Buying a home does not have to be a stressful experience, especially when it comes to financing. Conventional loan mortgages are still the most common home loans, but they normally require a 20% down payment from the borrower.
If you qualify for a loan, but don’t have a 20% down payment, there’s good news for you in 2017. You have many options to explore to help get you into your home with little or no money down.
The Federal Housing Administration has been helping people with buying a home since 1934. FHA insures your loan so that your lender can offer you lower closing costs, and easier qualifying. Find out if an FHA loan is for you. Check out their website at https://portal.hud.gov/hudportal/HUD?src=/buying/loans.
The Department of Veteran Affairs will support veterans and their surviving spouses by backing loans with no money down and limited closing costs. They also offer lower interest rates and credit and income levels are more flexible. The VA charges a funding fee, but this fee is often included in the overall loan. You can find out more about VA loans at http://www.benefits.va.gov/homeloans/.

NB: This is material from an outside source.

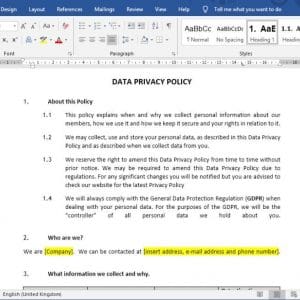 data privacy policy template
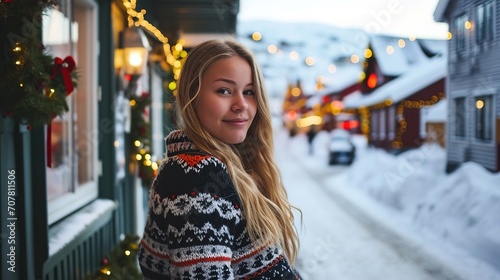 Cute Norwegian girl with blonde hair and wearing a Christmas sweater. Created with Generative Ai technology.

The United States Department of Agriculture offers loans for rural borrowers when they meet certain income requirements. Although these loans are called rural loans, homes are not all out in the middle of nowhere. Eligible properties are often located quite close to highly populated areas. You must not already own a home and your credit rating should be at least fair. Find out more info about Lane county homes that qualify at: https://www.rd.usda.gov/programs-services/single-family-housing-guaranteed-loan-program/or.
Credit Union Financing
Buying a home through a credit union is a solid financing choice. Credit unions compete for your mortgage business with loans that offer very low or no down payments. Navy Federal Credit Union makes loans to service members. F0r more information, go to their website at: https://www.navyfederal.org/products-services/loans/mortgage/mortgage.php. NASA Federal Credit Union also makes zero down payment mortgages available. You can learn more at: https://www.nasafcu.com/zerodown/. You can search online for more credit unions in your area that are making competitive loans.
Online banking has grown substantially in the last few years and their online status makes them surprisingly competitive in the mortgage field. Quicken Loans, https://www.quickenloans.com/ works hard for your online dollar and Flagstar Bank, https://www.flagstar.com/personal/loans/home-loans.html is also making competitive mortgages available. Search online for other banks that offer low or no-down payment offers, too. Be aware that online banks may require that you meet certain credit-worthiness criteria.
Brick and mortar banks are rigid in their lending guidelines, but competition with online services and government programs for your mortgage business is making them reconsider the terms they offer. Start with your personal bank. If you have good or great credit, they are interested in providing a mortgage. A long or strong history gives you leverage and you can use that when you speak to a mortgage representative. Advise them of the online choices you have, and ask them how they will compete for your business.
Fixed Rate mortgages loans name an interest rate that will not change during the life of the mortgage. These loans are well-defined and easy to understand. A fixed rate is desirable for those who want a firm monthly payment.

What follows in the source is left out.